## GIVEN INFORMATION
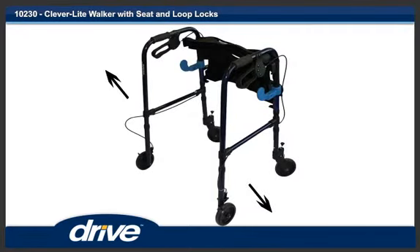Step 1. Unfold the walker by swinging out both sides of the walker until the sides lock into place.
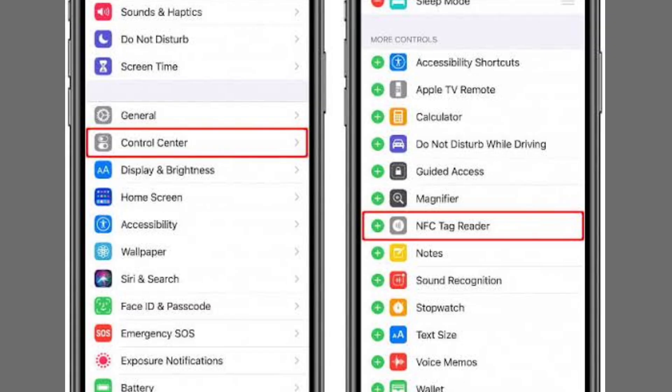Next, make sure the NFC feature is enabled on your phone. Open your settings, scroll down to Wallet and Apple Pay, and toggle on the NFC feature if it's not active.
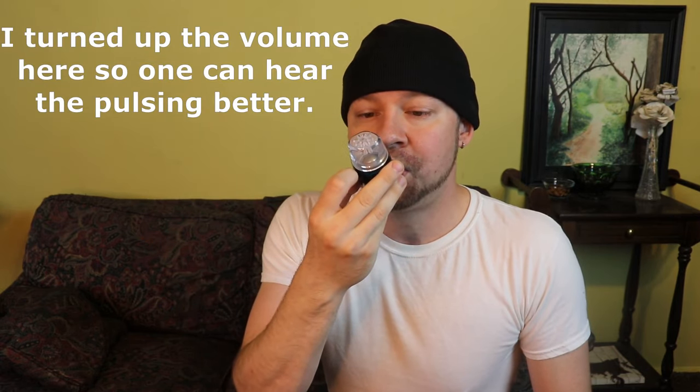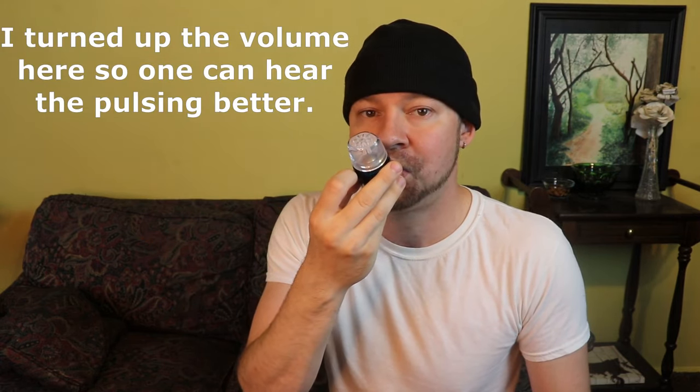I'll do a couple breaths out with you right here — you don't breathe in through it, you breathe out through it. Here we go. It's kind of like a vibration of that ball bearing as I explained, and it's as simple as that.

## INSTRUCTIONS FOR THE TASK
Repeat the data verbatim, excluding all pictures.

## RESPONSE TO THIS TASK
Step 1. Unfold the walker by swinging out both sides of the walker until the sides lock into place.
Next, make sure the NFC feature is enabled on your phone. Open your settings, scroll down to Wallet and Apple Pay, and toggle on the NFC feature if it's not active.
I'll do a couple breaths out with you right here — you don't breathe in through it, you breathe out through it. Here we go. It's kind of like a vibration of that ball bearing as I explained, and it's as simple as that.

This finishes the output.